Another benefit of its improved mechanical properties is that products made using N’GENIUS 326L57M4N can be designed with a reduced wall thickness compared to Alloy 625, giving engineers the opportunity to make significant weight savings of more than 23% on projects. For example, when using the design code AMSE B31.3 for Process Piping on a 10 km long, 30 in. diameter, 2500 lbs class pipeline system, N’GENIUS 326L57M4N could deliver a weight saving of approximately 740 t compared to the same system if it was specified in Alloy 625. That weight saving becomes even more significant with larger diameter pipes. A 10 km, 30 in. diameter, 2500 lbs class pipeline system could save approximatley 2600 t if N’GENIUS 326L57M4N was utilised instead of Alloy 625.

These weight savings will be particularly beneficial for subsea and offshore structures, where systems have a tendency to be heavy and difficult to handle. By specifying products in N’GENIUS 326L57M4N, oil and gas systems would require less material and overall structures could become lighter, making the transportation, lifting and installation easier. This would also further reduce construction and project costs and contribute to lowering carbon emissions.

Total system material solution

The N’GENIUS Series, which is patented in 30 countries globally, can be manufactured in a vast array of wrought and cast products and equipment for oil and gas production systems.
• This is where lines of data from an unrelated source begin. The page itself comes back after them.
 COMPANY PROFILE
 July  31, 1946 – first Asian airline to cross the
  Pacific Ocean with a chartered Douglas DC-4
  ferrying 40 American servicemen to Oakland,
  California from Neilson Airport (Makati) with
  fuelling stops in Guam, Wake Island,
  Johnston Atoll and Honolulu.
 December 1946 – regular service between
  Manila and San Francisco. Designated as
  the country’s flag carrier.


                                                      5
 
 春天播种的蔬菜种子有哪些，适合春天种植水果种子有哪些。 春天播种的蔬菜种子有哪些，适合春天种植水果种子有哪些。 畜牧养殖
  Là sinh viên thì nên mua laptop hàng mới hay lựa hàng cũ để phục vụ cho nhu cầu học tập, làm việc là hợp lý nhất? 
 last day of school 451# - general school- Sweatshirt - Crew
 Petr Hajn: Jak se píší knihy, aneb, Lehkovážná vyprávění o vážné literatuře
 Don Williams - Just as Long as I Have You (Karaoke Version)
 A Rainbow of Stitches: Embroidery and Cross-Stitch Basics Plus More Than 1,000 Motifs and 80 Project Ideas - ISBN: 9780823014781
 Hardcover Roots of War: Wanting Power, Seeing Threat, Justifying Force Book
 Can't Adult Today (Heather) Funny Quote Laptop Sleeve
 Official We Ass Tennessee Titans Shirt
Perfectly suited to seamless and welded line pipe and Oil Country Tubular Goods (OCTG) casing and tubing, N’GENIUS will address the need for a wider selection of corrosion resistant alloys for all types of onshore and offshore projects including those in shallow, deep and ultradeep water environments.

European-based stainless steel producers are conducting Manufacturing Procedure Qualification Tests with a view to providing grades from the N’GENIUS Series, including 326L57M4N in various product forms.
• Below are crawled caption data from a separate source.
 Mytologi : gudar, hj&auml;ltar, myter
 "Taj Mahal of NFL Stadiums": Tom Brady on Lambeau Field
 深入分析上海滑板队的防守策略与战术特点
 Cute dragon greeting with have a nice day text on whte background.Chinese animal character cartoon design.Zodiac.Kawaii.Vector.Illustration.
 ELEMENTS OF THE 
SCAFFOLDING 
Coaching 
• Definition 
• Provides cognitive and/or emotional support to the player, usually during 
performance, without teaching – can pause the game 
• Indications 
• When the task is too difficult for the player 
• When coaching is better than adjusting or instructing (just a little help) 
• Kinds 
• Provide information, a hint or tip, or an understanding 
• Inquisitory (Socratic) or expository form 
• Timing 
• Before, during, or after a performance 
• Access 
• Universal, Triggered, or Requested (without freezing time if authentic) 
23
N’GENIUS Materials Technology has also recently signed a sales and distribution agreement with UK-based stainless steel manufacturer and stockist, Project Pipeline Supply (PPS), which provides pipes, fittings, flanges, components and specialist equipment to industries including the offshore oil and gas, process and renewables. This agreement allows PPS to offer customers total packages of products made from the N’GENIUS Series, fulfilling a key stage in the supply chain for major oil and

projects around the world.

The industry is a stronghold for nickel alloys but the superior corrosion resistance, higher mechanical strength and costeffectiveness of N’GENIUS 326L57M4N gives Alloy 625 a new challenger to contend with.